Table 2: Effect of storage period on overall acceptability in tamarind squash at room temperature.

Microbial load (Colony forming units/gm)
Treatments 0 Days   30 Days   60 Days   90 Days  
Bacteria Y & M Bacteria Y & M Bacteria Y & M Bacteria Y & M
T1 - - - - - - 3 × 101 7 × 101
T2 - - - - - - 3 × 101 7 × 101
T3 - - - - - - 2 × 101 5 × 101
T4 - - - - - - 2 × 101 5 × 101
T5 - - - - - - 1 × 101 3 × 101
T6 - - - - - - 1 × 101 3 × 101
T7             1 × 101 3 × 101

Table 3: Effect of storage period on microbial load (colony farming units/gm) of tamarind squash at room temperature.

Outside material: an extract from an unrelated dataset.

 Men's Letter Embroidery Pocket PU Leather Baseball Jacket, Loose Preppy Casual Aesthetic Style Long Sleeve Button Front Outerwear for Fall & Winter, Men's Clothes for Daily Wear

The microbial examination showed (Table 3) that no yeast and mold count was observed till 60 days of storage. T1, T2 recorded higher load (7 × 10-1) followed by T3, T4 (5 × 10-1), and T5, T6, T7 (3 × 10-1) at the end of 90 days storage period. The bacterial growth was observed at 90 days only. T1 and T2 recorded higher bacterial count (3 × 10-1), followed by T3 (2 × 10-1), T4 (2 × 10-1) and the least were observed for T5, T6, and T7 (1 × 10-1) at the end of 90 days’ storage. However, the increase in microbial growth was negligible and within the permissible limits of squash. Application of heat during processing reduced microbial load [18]. This has been reported in watermelon nectar and in mixed fruit RTS beverage by Bidyut et al. [19].

Conclusion

The overall acceptability was highest in squash prepared with 80% tamarind pulp and 20% mango pulp (T6). Negligible growth of microbes was observed in all the treatments. The products stored without any deterioration in physico-chemical, sensory quality and microbial count and are consumer acceptable up to 3 months of storage as per the study. Profit estimated for 1 litre of tamarind squash Rs. 25.00 when compared with locally available products. Hence it can be concluded that blending with mango pulp can bring value addition to tamarind and increase in appearance and taste.